Eventually, enough rich and powerful people/companies will become sufficiently inconvenienced or annoyed at the archaic intellectual property laws under which we now live that change will happen. Or am I being totally naive?
A few current stories relevant to this issue:
“As Chicago wages its battle to host the 2016 Olympics, it also finds itself scrapping over a valuable piece of cyberspace: the domain name of Chicago2016.com. The bid team along with the U.S. Olympic Committee are trying to wrest that online address from Stephen Frayne Jr., a 29-year-old MBA student. Frayne snagged it back in 2004, about two years before the bid was launched. … ‘We certainly see Chicago2016.com as the logical default domain for our site, and we believe having someone else control it is misleading for people seeking information about Chicago’s bid,’ said Patrick Sandusky, a spokesman for Chicago 2016, a moniker protected by trademark.”
Also from Slashdot, from the “You mean this is not already true?” department:
“Since its release, the OpenGL code that is responsible for 3-D acceleration on GNU/Linux has been running on licenses that were accepted by neither the Free Software Foundation (FSF) nor the Open Source Initiative. Today, however, the FSF has announced that the licenses in question have been rewritten, the problems resolved, and the code freed. Peter Brown, executive director of the FSF, says, ‘This represents a huge gift to the free software community.’”
OK, from the “we might as well just stick with the slashdot theme” department, here are more items from slashdot:
Apple Shenanigans Look Microsofty to Me:
“Apple appears to be taking ideas from commercial software already being sold and is attempting to patent the concepts as their own.
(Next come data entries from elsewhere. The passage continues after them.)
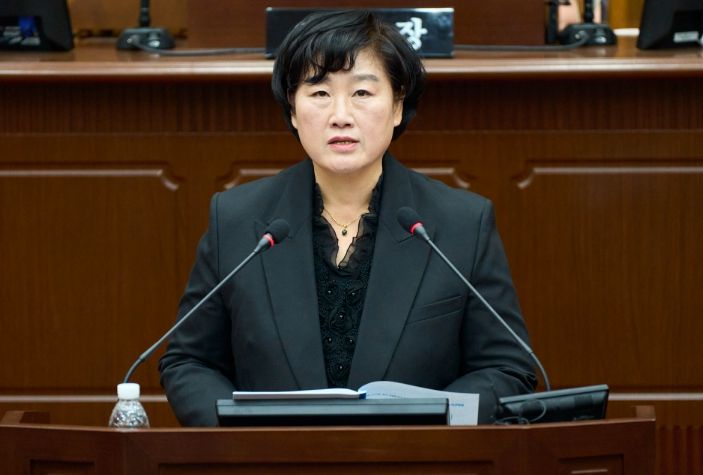 대전 서구의회 정인화 의원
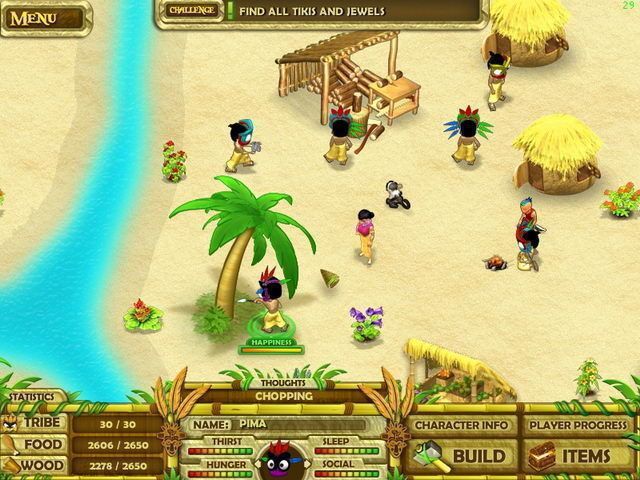 Escape from Paradise 2: A Kingdoms Quest - Screenshot 3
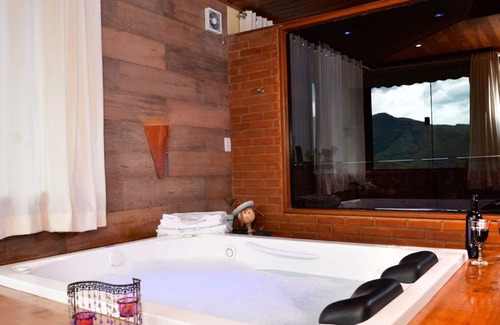 Nucleo Maua Ski Chalet | Aldebaran Pousada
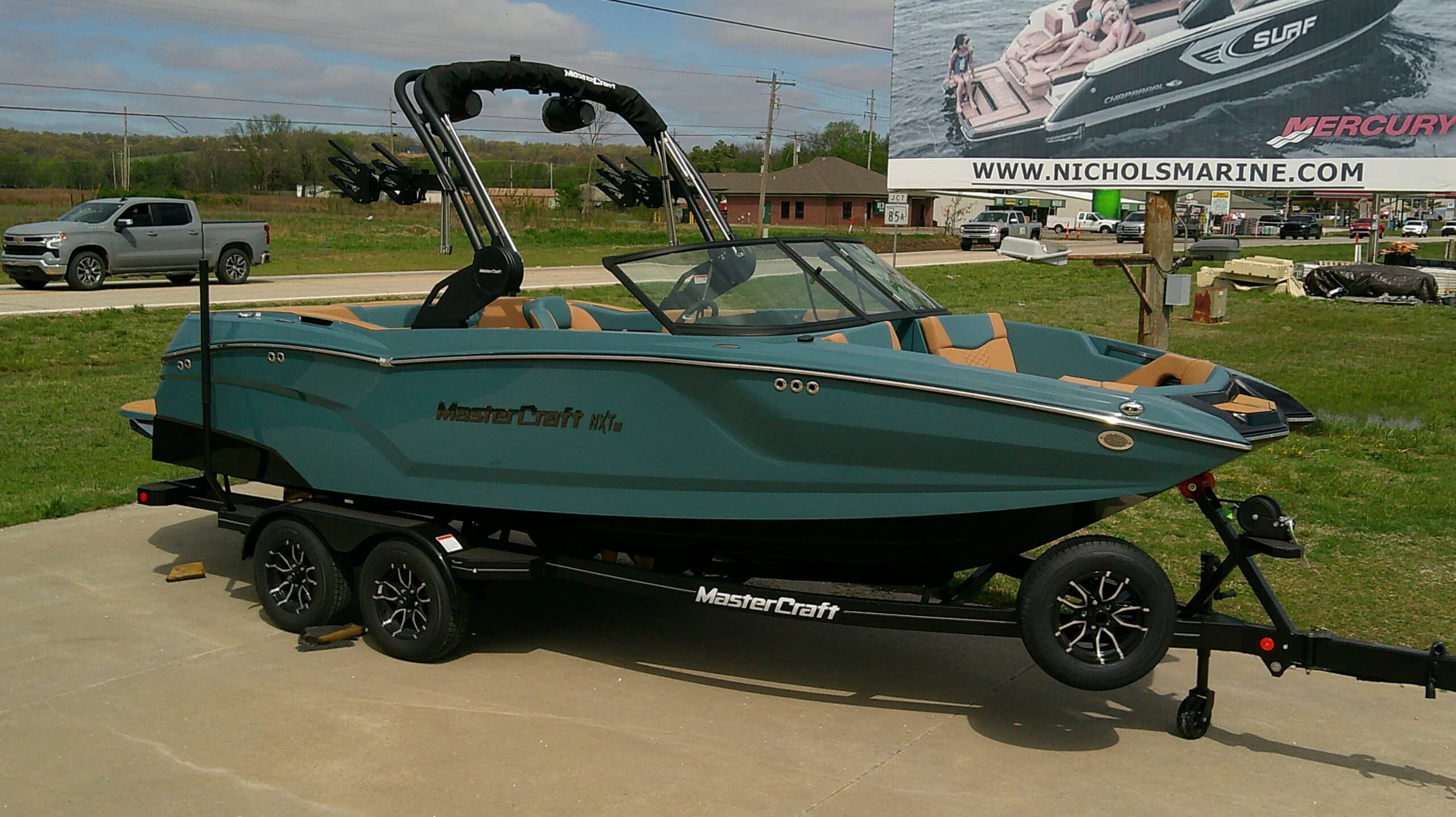 2026 MasterCraft NXT22 - 3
According to Apple Insider, Apple has recently filed a patent application for a notification screen on the iPhone. The only problem with this is that Intellisync has been using this concept in their popular iPhone notification screen software for over a year now, and it doesn’t take a rocket scientist to see that this is a clear rip-off. Apple recently became famous (or infamous) for stealing other people’s ideas when they rolled out their Dashboard in Mac OS X, which had many similarities to a desktop widget program named the Konfabulator, which later became Yahoo widgets. The case here isn’t a simple hijacking of an idea, however — Apple is applying for a patent on Intelliscreen’s concept, which could be detrimental to the original manufacturer of the software, who is actively selling it for Jailbroken iPhones”
That is all.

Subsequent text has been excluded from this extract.